I've gotten to an example that goes like this

#include <stdio.h>

main()
{
int c;

while ((c = getchar()) != EOF)
putchar(c);
}


This seems to work alright, as any text I type appears on screen (except I have to ctrl-c out of the program as I don't know how to put the EOF on the keyboard)

Then he mentions that you need the brackets around the c = getchar() because the != will be done before the =

And he suggests that we try it without the brackets to see what happens (it should output a 1 or a 0)

Unfortunately the program didn't seem to act any differently. I tried the following code, just to see if the compiler has a different order to what he defines, but it still acts exactly the same.
#include <stdio.h>

main()
{
int c;
while (c = (getchar() != EOF))
putchar(c);
}


I'm using gentoo linux, bash, gcc (compiling with "cc gettext.c" and running it as the a.out exec) which all should be the latest stable version gentoo has in portage.

Can anyone shed some light on the situation? is it me, the book, gcc, bash or what?

Strogian
08-14-2003, 11:36 PM
It shouldn't output a 1 or 0, it should output '\1's and '\0's. Actually, true is defined as anything that isn't 0, so GCC might just choose to use whatever value was returned by getchar(). It all depends on how strict the standard actually is.

...

OK, I just compiled the program, and I think I know what your problem REALLY is. (I'll leave the above, just in case it's helpful to anyone :))

Compile the first program.
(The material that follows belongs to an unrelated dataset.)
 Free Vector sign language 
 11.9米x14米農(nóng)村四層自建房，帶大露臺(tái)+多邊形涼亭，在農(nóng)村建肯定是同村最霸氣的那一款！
Type in a word and hit ENTER. It will get repeated back at you. I'm guessing that you never tried hitting ENTER? Maybe? That's all I got. :) Linux apparently buffers the input until a full line can be read, and then it makes it available to the program. The second program will not repeat it back at you. It will indeed output a series of 0x01 characters. Oh, and to input a EOF from the keyboard, use Ctrl+D.

jeremymh
08-15-2003, 02:27 AM
Wow, it all makes sense now. Thanks.
If I type more than one letter and press enter it loops many times, one for each letter and once for the "enter", taking them each from the buffer.
or in that example it just has white space where the \0 would be.

Thanks once again.

Stuka
08-15-2003, 11:46 AM
Just a note - Ctrl-D is the EOF combination for Linux. (Windows uses Ctrl-Z).